Et les deux jeunes gens s’embrassèrent avec une tendresse fraternelle, pendant que le commandant Bernard, voulant maintenir sa gravité de grand parent, dissimulait son émotion en fumant sa pipe avec des aspirations étrangement précipitées.

Gerald sortit en toute hâte afin d’aller retrouver sa mère et de se rendre avec elle chez Herminie.

Olivier et le vieux marin s’apprêtaient à sortir, lorsqu’ils furent arrêtés par madame Barbançon qui, s’avançant à pas comptés, tenait étendue sur la paume de ses deux mains, de crainte de la salir, une superbe cravate de mousseline blanche, toute pliée, prête à être mise, que l’empois rendait d’une raideur effrayante.

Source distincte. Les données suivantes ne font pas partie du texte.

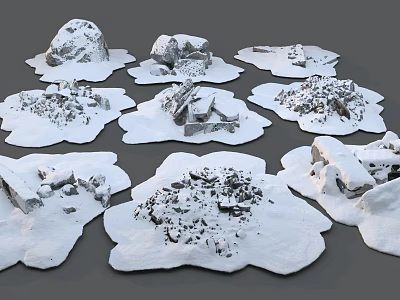Snow Covered Rocks And Ground In Natural Winter Landscape With Various Shapes 3d model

— Que diable est cela, maman Barbançon ? — dit le vétéran qui avait déjà pris sa canne et son chapeau. — On dirait que vous portez une châsse à la procession.

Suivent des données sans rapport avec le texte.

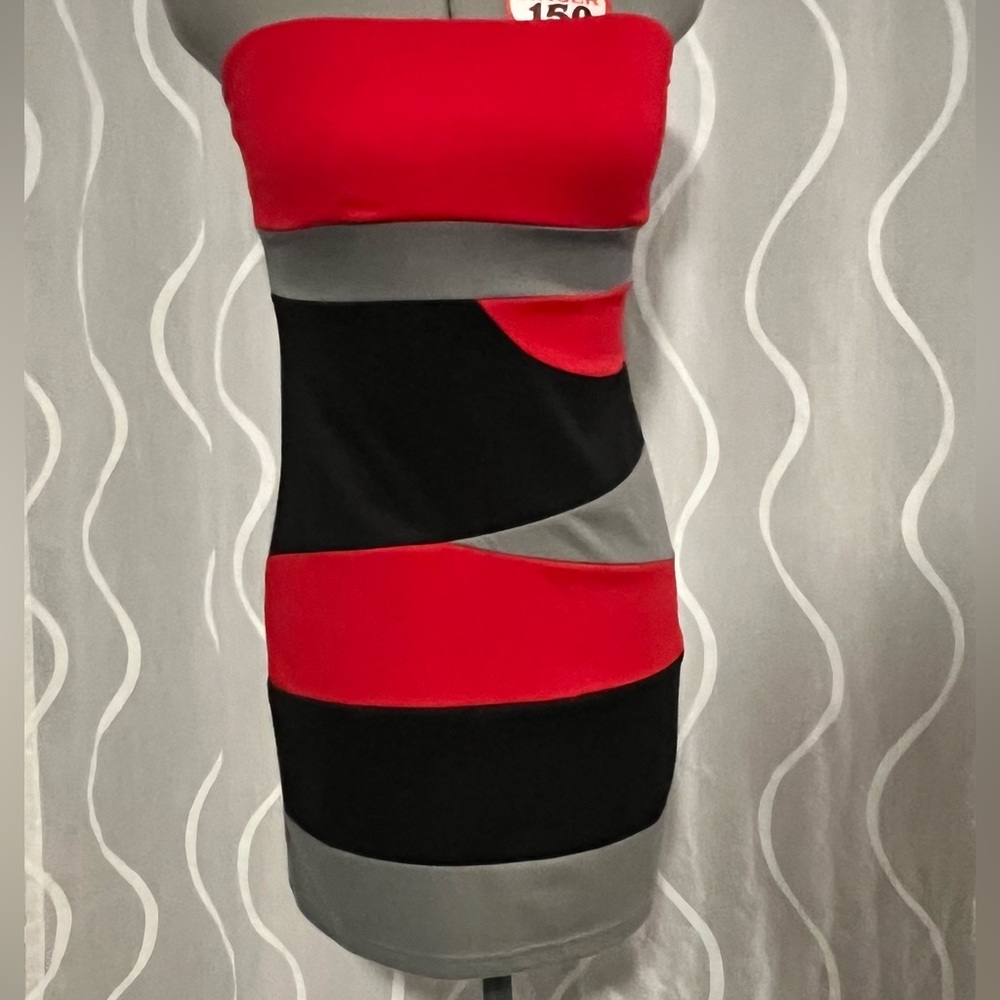 Chesley Red, Black, and Gray Mini Dress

— Monsieur, — dit la brave ménagère avec une joie contenue, — c’est une cravate pour vous, une petite surprise que je me suis permis de vous faire… sur mes économies… car vous n’avez que votre vieille cravate noire… à mettre pour ce jour… ce beau jour… et j’ai… j’ai pensé… que…

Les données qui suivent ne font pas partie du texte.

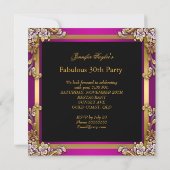 Invitation Fabuleux 30 Plum rose or fête d'anniversaire (Dos)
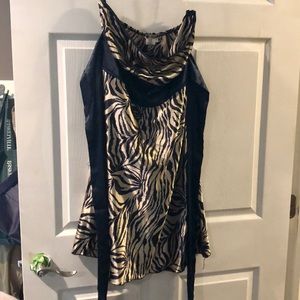 Animal print silky slinky dress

La digne femme, que le mariage d’Olivier portait à l’attendrissement, n’acheva pas et se mit à fondre en larmes.

Le vieux marin, quoiqu’il regimbât intérieurement contre la pensée d’emprisonner son cou dans cette étoffe raide comme du carton, fut si touché de l’attention de sa ménagère, qu’il dit d’une voix un peu émue :

— Ah ! maman Barbançon… maman Barbançon… voilà des folies… je vous gronderai !

— Elle est brodée aux quatre coins d’un J et d’un B, Jacques Bernard… — dit la ménagère, en faisant remarquer cette broderie avec un certain orgueil.

— C’est pourtant vrai ! c’est mon chiffre ; vois donc, Olivier, — dit le bonhomme, ravi de cette attention, et il reprit :

— Brave… et bonne femme, allez… vrai ça me fait plaisir, mais bien plaisir.

— Oh ! merci, monsieur… dit madame Barbançon, toute émue, toute joyeuse, comme si elle eût reçu la plus généreuse récompense ; puis elle reprit :

— Mais il se fait tard… voilà six heures et demie passées… vite… monsieur… je vas vous la mettre.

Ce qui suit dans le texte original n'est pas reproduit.